Colgrove v. BattinAnnotate this Case
413 U.S. 149 (1973)
U.S. Supreme Court
Colgrove v. Battin, 413 U.S. 149 (1973)
Colgrove v. Battin
Argued January 17, 1973
Decided June 21, 1973
413 U.S. 149
CERTIORARI TO THE UNITED STATES COURT OF APPEALS
FOR THE NINTH CIRCUIT
Local federal court rule providing that a jury for the trial of civil cases shall consist of six persons comports with the Seventh Amendment requirement and the coextensive statutory requirement of 28 U.S.C. § 2072 that the right of trial by jury be preserved in suits at common law, and is not inconsistent with Fed.Rule Civ.Proc. 48 that deals only with parties' stipulations regarding jury size. Pp. 413 U. S. 151-164.
456 F.2d 1379, affirmed.
BRENNAN, J., delivered the opinion of the Court, in which BURGER, C.J., and WHITE, BLACKMUN, and REHNQUIST, JJ., joined. DOUGLAS, J., filed a dissenting opinion, in which POWELL, J., joined, post, p. 413 U. S. 165. MARSHALL, J., filed a dissenting opinion, in which STEWART, J., joined, post, p. 413 U. S. 166. POWELL, J., filed a dissenting opinion, post, p. 413 U. S. 188.
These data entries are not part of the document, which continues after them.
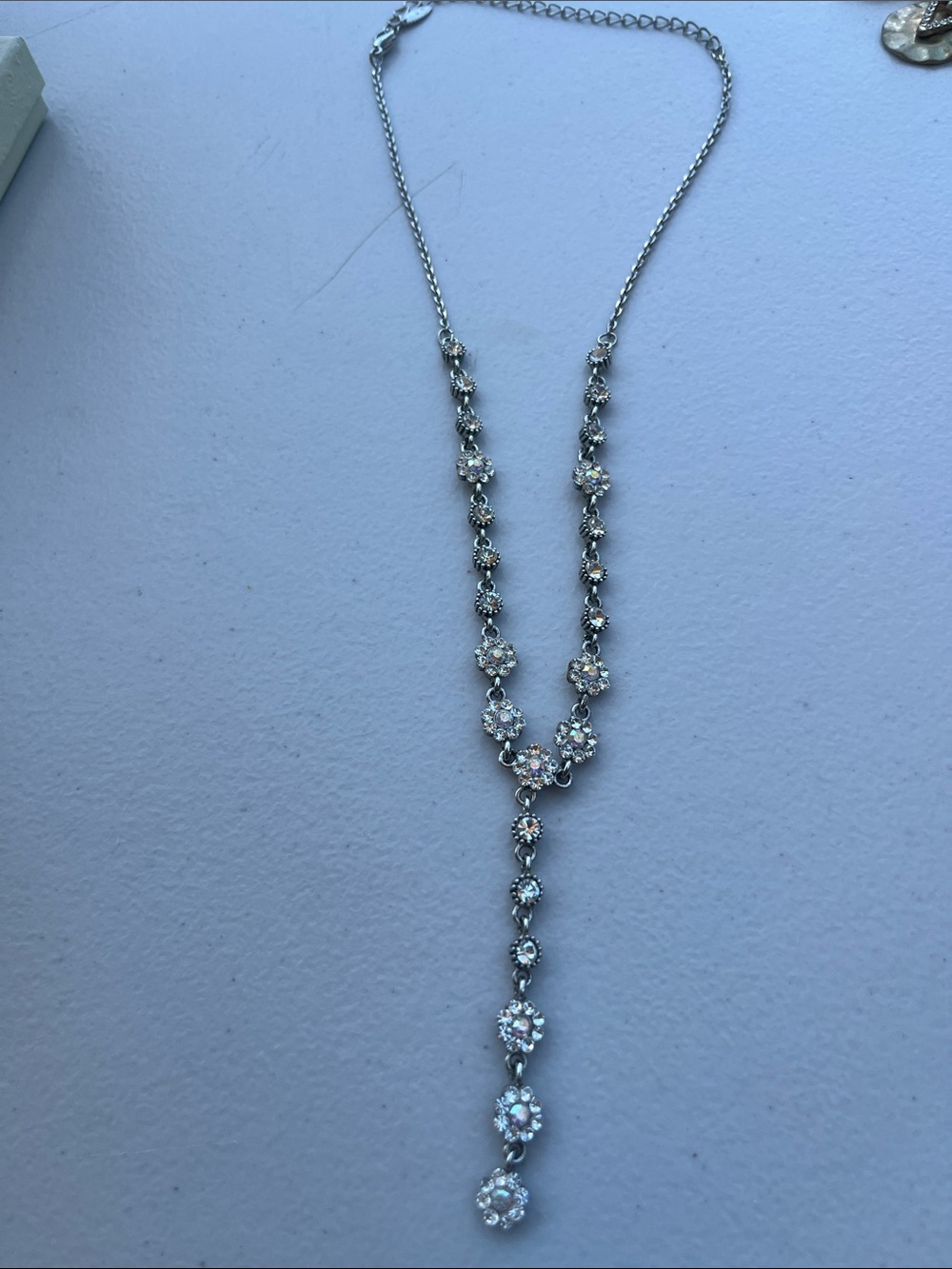 Crystal-Accented Silver Y Drop Necklace - Clear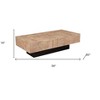 HomeRoots 59" Natural and Black Solid Wood Block Coffee Table - 3 of 4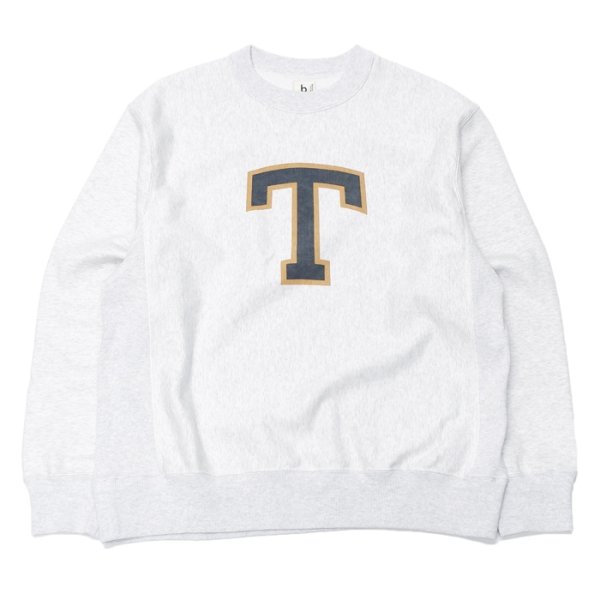 画像2: ※Exclusive※ blurhmsROOTSTOCK(ブラームスルーツストック)Soft&Hard Sweat Crew Neck P.O "T-50"(ソフト&ハードスウェットクルーネックプルオーバー"T-50")Heather White / Navy×Yellow(ネイビー×イエロー) (2)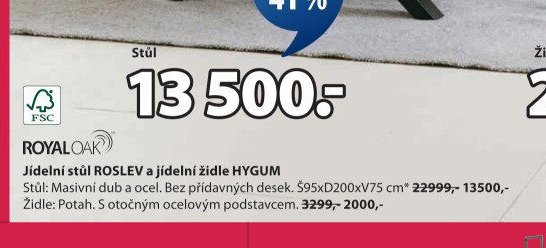 Jídelní stůl ROSLEV a jídelní židle HYGUM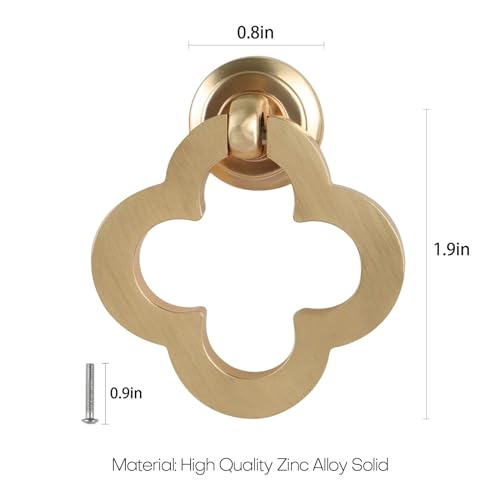 GEPAS 6pcs Gold Cabinet Knobs, Zinc Alloy Brushed Brass Cabinet Ring Pulls Dresser Handles Furniture Hardware for Kitchen Cupboard Drawers Closet Door,Easy to Install (Style2)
MR. JUSTICE BRENNAN delivered the opinion of the Court.
Local Rule 13(d)(1) of the Revised Rules of Procedure of the United States District Court for the District of
Montana provides that a jury for the trial of civil cases shall consist of six persons. [Footnote 1] When respondent District Court Judge set this diversity case or trial before a jury of six in compliance with the Rule, petitioner sought mandamus from the Court of Appeals for the Ninth Circuit to direct respondent to impanel a 12-member jury. Petitioner contended that the local Rule (1) violated the Seventh Amendment; [Footnote 2] 2(2) violated the statutory provision, 28 U.S.C. § 2072, that rules "shall preserve the right of trial by jury as at common law and as declared by the Seventh Amendment . . . ;" [Footnote 3]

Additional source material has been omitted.